What is a doula?

Denise doula photo.JPG

Doulas are trained and experienced in childbirth and are usually mothers themselves. While they have good knowledge and awareness of the birth process, a doula does not support the mother-to-be in a medical role. That is the job of the midwife or doctor. 

A doula helps the mother-to-be achieve the birth she hopes for, no matter if it's a birth with or without drugs, or a c-section. This makes a doula a valuable addition to the birth team. Should a birth become complicated and require medical assistance, a doula will still remain by your side and help in any way she can. She will not make decisions for those she supports, but she will assist them through the decision making process. A doula provides balanced information so the couple can make their own choices. 

Many women consider doulas to be an absolute must, especially for those giving birth in a hospital. Due to the over-medicalisation of birth, inductions of labour have skyrocked, and are partly to blame for the 30% (that's one out of every three!) Australian and American babies now born via c-section. 

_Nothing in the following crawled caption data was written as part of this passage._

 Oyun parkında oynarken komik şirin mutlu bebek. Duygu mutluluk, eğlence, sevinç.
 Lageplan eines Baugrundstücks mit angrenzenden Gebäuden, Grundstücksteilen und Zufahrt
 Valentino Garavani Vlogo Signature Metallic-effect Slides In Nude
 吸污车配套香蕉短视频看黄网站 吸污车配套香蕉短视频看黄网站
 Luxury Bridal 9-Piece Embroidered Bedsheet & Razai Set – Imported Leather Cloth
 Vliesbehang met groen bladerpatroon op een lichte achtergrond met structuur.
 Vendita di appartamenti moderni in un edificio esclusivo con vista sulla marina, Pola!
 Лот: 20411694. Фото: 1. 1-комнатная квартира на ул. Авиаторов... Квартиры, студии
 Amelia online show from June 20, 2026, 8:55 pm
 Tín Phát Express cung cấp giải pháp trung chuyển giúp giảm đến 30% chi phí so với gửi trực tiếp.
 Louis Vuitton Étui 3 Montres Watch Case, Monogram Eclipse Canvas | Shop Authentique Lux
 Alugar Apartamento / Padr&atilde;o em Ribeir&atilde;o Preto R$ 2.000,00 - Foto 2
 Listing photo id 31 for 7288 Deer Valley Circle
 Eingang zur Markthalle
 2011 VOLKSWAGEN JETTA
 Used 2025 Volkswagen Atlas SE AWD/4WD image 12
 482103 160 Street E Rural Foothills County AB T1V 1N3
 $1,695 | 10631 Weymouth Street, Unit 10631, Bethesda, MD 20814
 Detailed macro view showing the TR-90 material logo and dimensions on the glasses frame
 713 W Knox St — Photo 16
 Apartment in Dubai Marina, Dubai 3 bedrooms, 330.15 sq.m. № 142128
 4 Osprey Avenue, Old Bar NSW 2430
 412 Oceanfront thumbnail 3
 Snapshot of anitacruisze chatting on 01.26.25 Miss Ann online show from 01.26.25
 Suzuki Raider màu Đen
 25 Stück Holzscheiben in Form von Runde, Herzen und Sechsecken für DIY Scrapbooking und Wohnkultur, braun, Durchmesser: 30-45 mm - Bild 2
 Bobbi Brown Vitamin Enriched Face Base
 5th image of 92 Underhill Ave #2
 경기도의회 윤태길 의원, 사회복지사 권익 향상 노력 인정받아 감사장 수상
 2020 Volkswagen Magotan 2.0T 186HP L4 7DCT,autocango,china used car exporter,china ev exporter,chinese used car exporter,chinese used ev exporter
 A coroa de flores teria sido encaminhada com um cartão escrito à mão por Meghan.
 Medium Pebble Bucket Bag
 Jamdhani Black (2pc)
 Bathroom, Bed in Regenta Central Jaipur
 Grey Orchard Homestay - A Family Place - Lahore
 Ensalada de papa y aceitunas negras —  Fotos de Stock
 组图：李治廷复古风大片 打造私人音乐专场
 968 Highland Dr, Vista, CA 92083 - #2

Some hospitals sport c-section rates of 50% and higher. This is a shocking statistic, well above the World Health Organization recommendations of 10-15% -- after this amount, it doesn't save any further lives, which is what the c-section was intended for. Given the long term emotional and physical effects  that medical births can have on the mother, her partner and baby, a doula is a valuable asset to your birth team. 

By amping up your support team with experienced, continuous care from a doula, you're giving yourself an increased chance at a better experience. Your support team are the people you will rely on to get you through your toughest, most intense moments. How well they hold the space and support you can impact on the outcome of your birth.

With a doula, you know that someone is always on YOUR team, holding the space for you and your family. She works for you (and your partner) and has your best interests at heart.

For more information on doulas, download this one-page handout from Evidence Based Birth. 

What does a doula do? 

I provide the following services, like most doulas: 

  • Birth education and preparation
  • Birth planning (including creating a written birth plan/birth preferences document)
  • De-briefing previous births
  • Massage and other comfort measures
  • Optimal fetal positioning
  • Suggest positions and changes to help ease pain and facilitate a smoother, more effective labour
  • Provide reassurance and encouragement
  • Talking through emotional blockages which may come up during pregnancy and in labour
  • Keep your 'environment' going -- aromatherapy, music, candles, etc.
  • Assisting you with negotiation of your preferences
  • Photography and/or video of the birth itself, as well as those precious first moments as a family
  • So much more!

One of the biggest bonuses of hiring a doula is the fact that she is a professional birth support person. 

Doulas are trained in the art of birth support, and have a keen eye and intuition into what a labouring mother needs -- all the little details which a hospital midwife unfortunately does not always have time for (as much as she may want to). And, the things your partner may not pick up on, or situations he may not know how to deal with. 

A doula has a heart that is caring and nurturing, yet is able to remain calm and focused if things go off the rails -- something that can be very difficult for family members and partners. Because family and friends have an emotional connection, in the event of a problem or at the peak intensity moments, they can buckle, not knowing what to do, say or think. 

What are the proven benefits? 

Studies (and reviews of the studies) consistently demonstrate very impressive benefits for the mother, partner and baby, including: 

  • Fewer caesarean sections
  • Reduction in the use of forceps and vacuum
  • Fewer requests for epidural
  • Reduction in the use of synthetic oxytocin for inductions or augmentations
  • Reduction in the use of pain medication
  • Reduction in labour length
  • Increased rates of breastfeeding at 6 weeks post-partum
  • Higher self-esteem, less anxiety and less depression at 6 weeks post-partum

The benefits are significant. Most of the women in the studies were accompanied by male partners, however study results show that women who had the support of a male partner and a doula fared best, for example, the caesarean rate of women supported by both a male partner and a doula was significantly lower (15.4%) than the caesarean rate for women supported only by their partners (24.4%). the studies also clearly show the positive benefits of doula support occur regardless of a woman's economic status or whether or not they were privately insured. Its simply about having the right support with you at birth. 

What about the birthing person's partner?

According to studies (and from personal observations in births I have attended) rather than diminishing a partner's participation in the birth process, a doula's support complements and reinforces her partner's role.

Partners report feeling more enthusiastic, and believe their contribution to the labour and birth was meaningful and helpful.

I often find when partners have a visual on how to support a woman -- simply watching a doula support her -- they feel more confident and relaxed, having seen some ideas to try themselves. 

In the studies, not only did partners report higher levels of satisfaction afer the birth, but mothers reported feeling more satisfied with their partners role at birth too. 

Over 30% of women reported that their relationships were better post-birth than they were prior to the birth.